▸ Instructions for the task
Would you print the lines below exactly, beginning at the line that has "The Ocotillo |" and stopping after the line that has "IMG_20260529_090443"? Only those lines, and no pictures.

▸ Source data
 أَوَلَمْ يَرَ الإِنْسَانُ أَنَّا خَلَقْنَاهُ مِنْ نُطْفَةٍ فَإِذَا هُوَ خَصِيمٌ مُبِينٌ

...

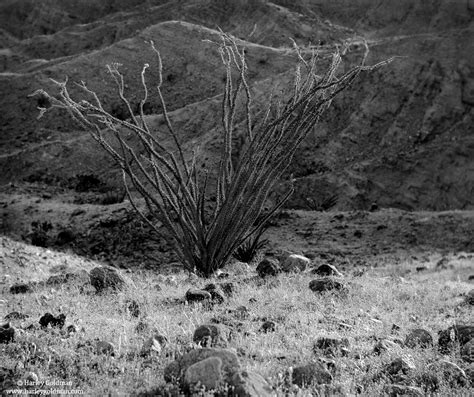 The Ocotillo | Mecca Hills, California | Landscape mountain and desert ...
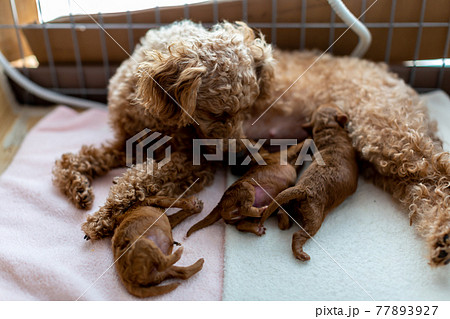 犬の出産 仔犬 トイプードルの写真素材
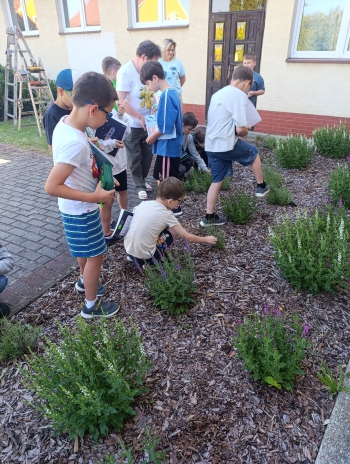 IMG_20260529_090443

▸ Written response
 The Ocotillo | Mecca Hills, California | Landscape mountain and desert ...
 犬の出産 仔犬 トイプードルの写真素材
 IMG_20260529_090443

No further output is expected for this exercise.